While Buckingham and Nicks were a combustible pair, the guitarist’s aggression landed in all directions.

He dated a girl named Christina later on in the sessions, and one morning the pair, along with another producer, barged into the studio with Christina “white and trembling” and “crying hysterically.”

“I think it’s over,” she said. “And what’s worse is that Lindsey punched me in the face.”

(Caillat later writes, “I wondered whether Lindsey had ever physically hurt Stevie. I didn’t know if he had in the past, but I would see him kick her in the butt onstage during the ‘Tusk’ tour three years later.”)

But Buckingham and Nicks were hardly the band’s sole purveyors of friction. Bassist John McVie, who would sometimes start drinking as early as 6 a.m., was still in love with his wife, singer/keyboardist Christine McVie, who had ended their marriage because John chose alcohol over her.

John fell deeper into booze and heartbreak as Christine took up with the band’s lighting director, Curry Grant — the subject of “You Make Loving Fun” despite Christine’s initial claim, to spare John’s feelings, that it was about her dog — leading to the sad slapstick of the producers spiriting John out of the room whenever Grant snuck in to give Christine a kiss.

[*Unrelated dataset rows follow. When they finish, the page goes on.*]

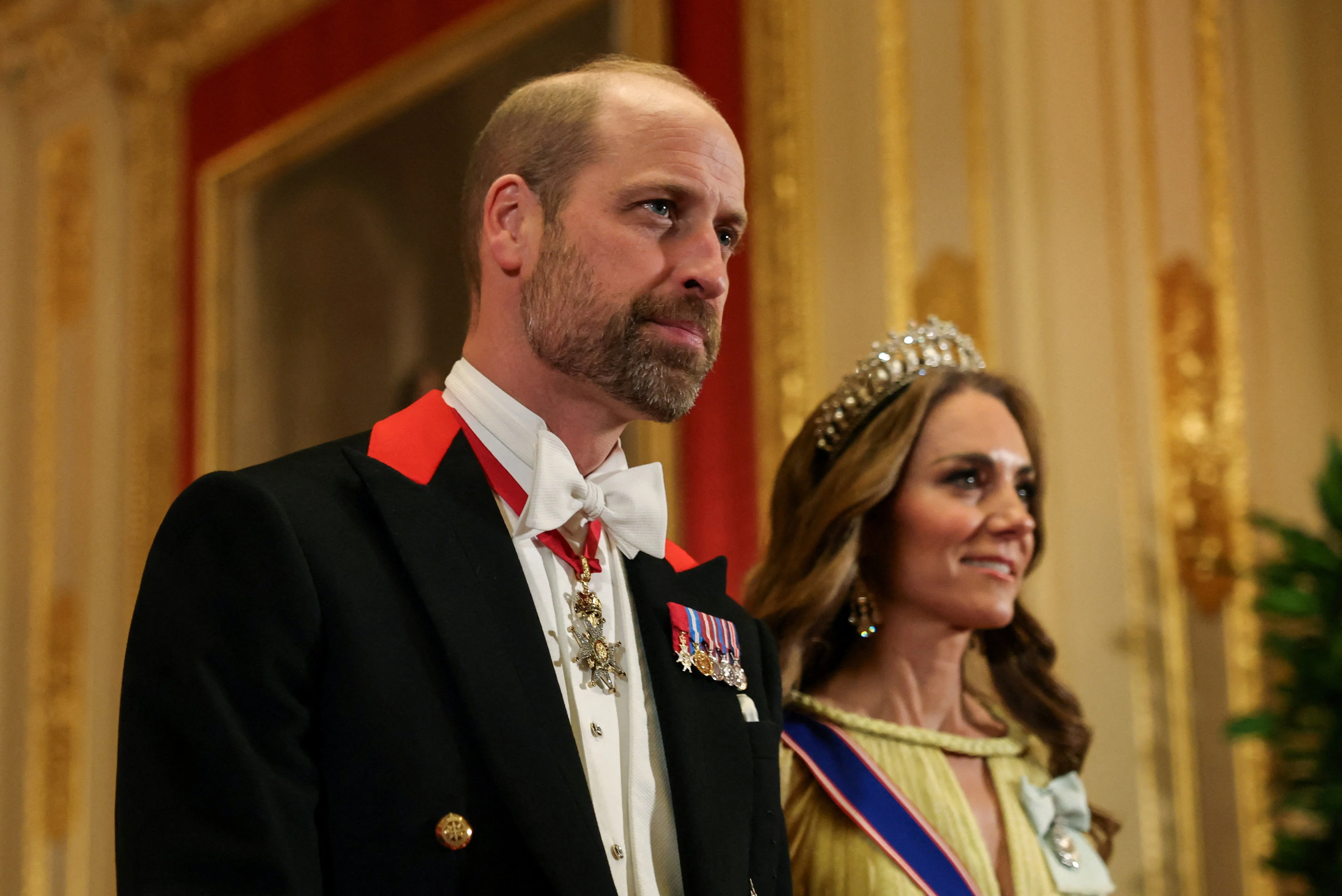 Prince William in formal evening wear at a state banquet, photographed in a grand palace room with warm lighting and ceremonial decor, news photography style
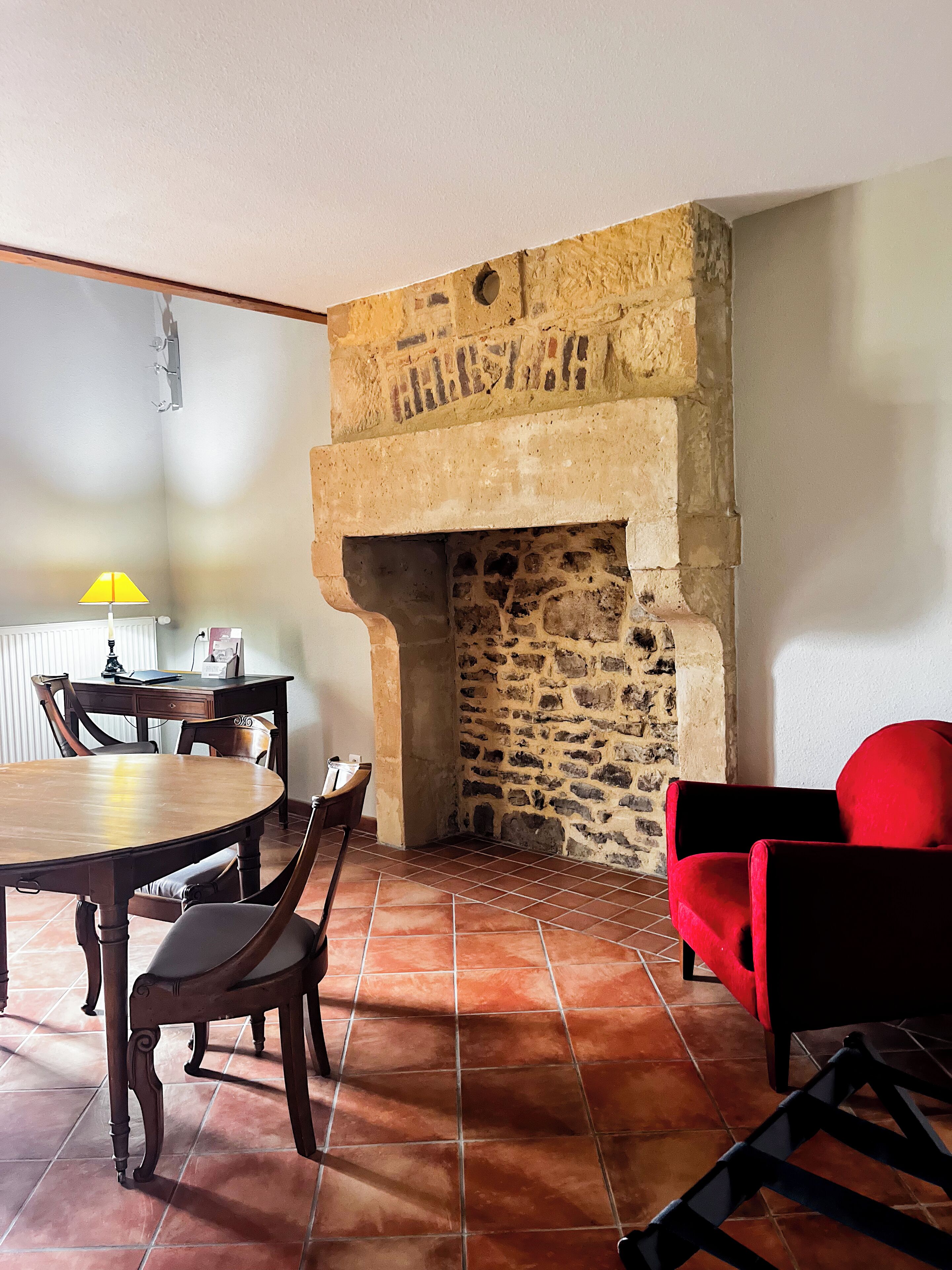 A dining area with a stone fireplace, wooden table and chairs, and a red sofa.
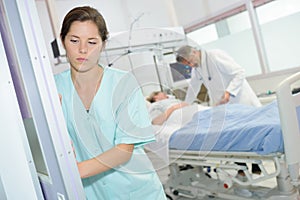 Sad female nurse at hospital corridor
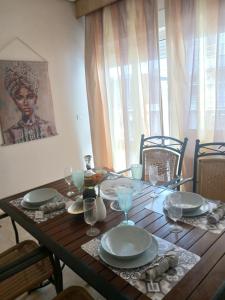 a wooden table with plates and wine glasses on it at Anastasios Room's in Olympic Beach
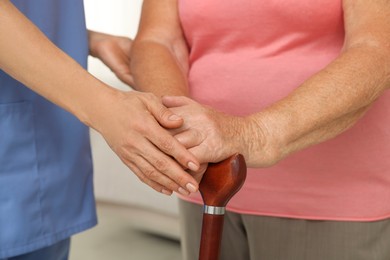 Photo of Healthcare worker supporting senior patient indoors, closeup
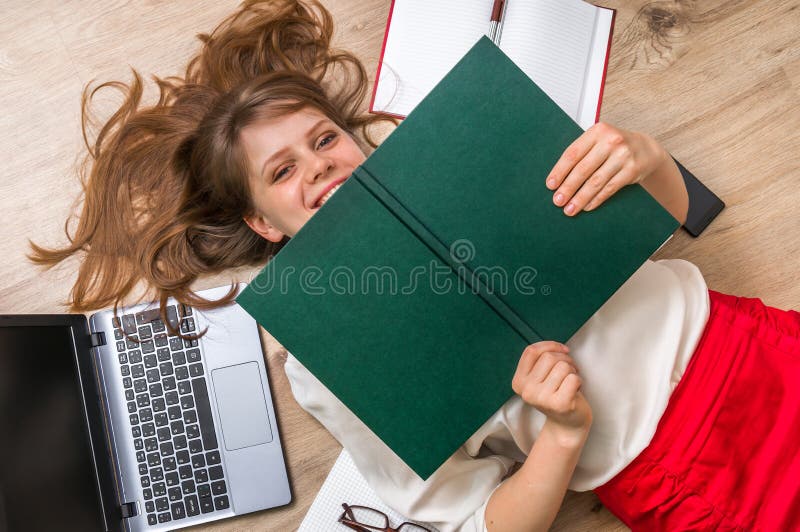 Woman lying on back and covering her face with book stock photos Woman lying on back and covering her face with book stock photos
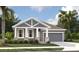 Charming single-story home featuring stone accents, gray siding and a well manicured lawn at 5733 Haystack Drive, St Cloud, FL 34771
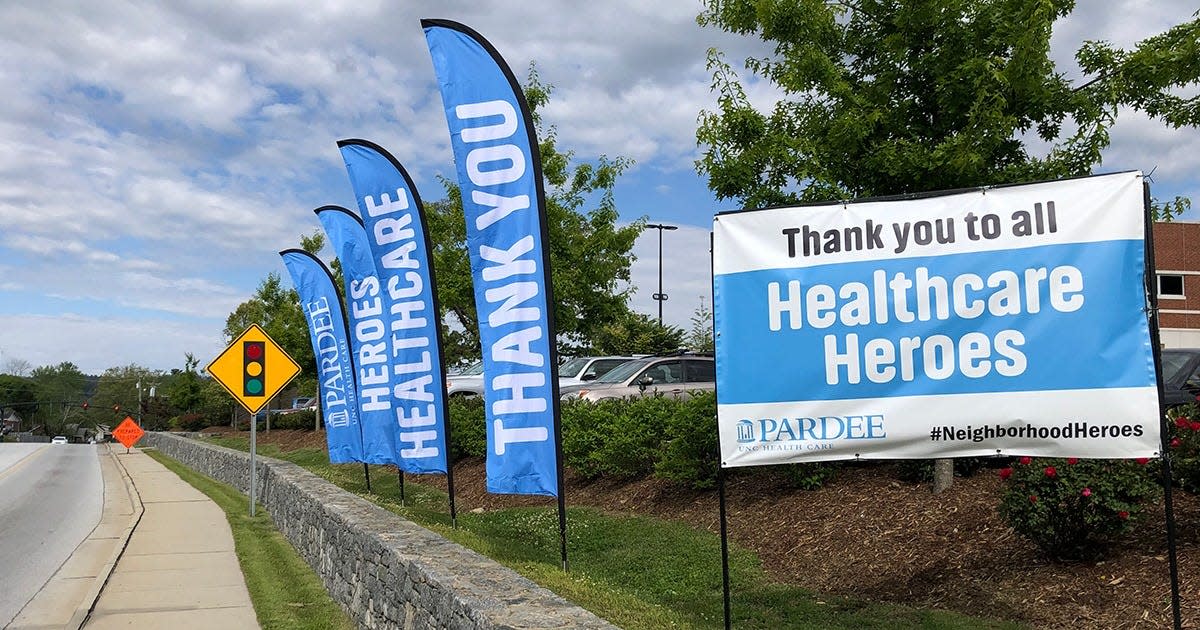 A sign outside of Pardee Hospital in Hendersonville refers to healthcare workers are heroes.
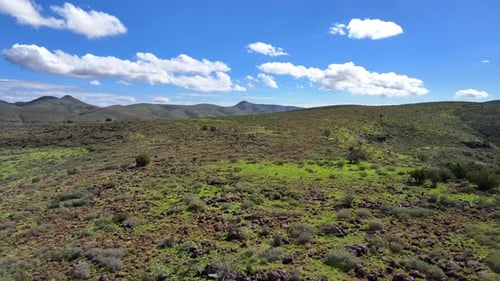 Aerial view of green hills and mountains, United States.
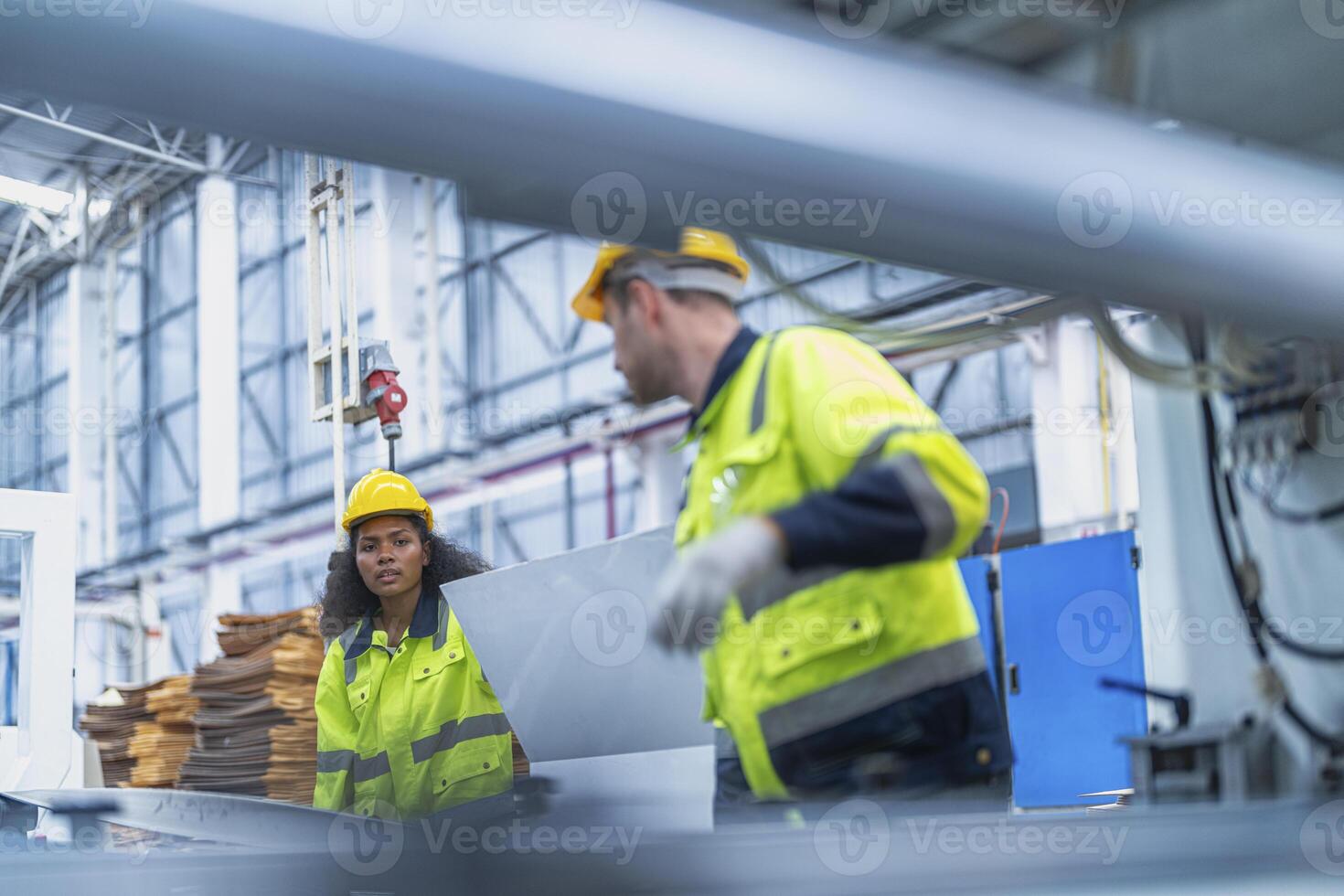 male and female technician engineers checking the process on Heavy machine. mechanical engineering team production. Industry manufacturing. Worker holding tablet and folde. High technology production. photo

(John began dating a woman named Sandra and did himself no favors when, during an argument with Christine about Grant’s presence in the studio, he screamed, “Sandra means nothing to me!” loud enough for her to hear. She responded by throwing a glass of champagne in his face.)

In the end, “Rumours” landed four Top 10 singles — the first album in history to do so — thanks to the band’s ability to tap into their emotional chaos and turn it into music.

“ ‘Rumours’ probably succeeded,” Caillat writes, “because it was brilliant group therapy in which we all — wittingly or unwittingly — participated.”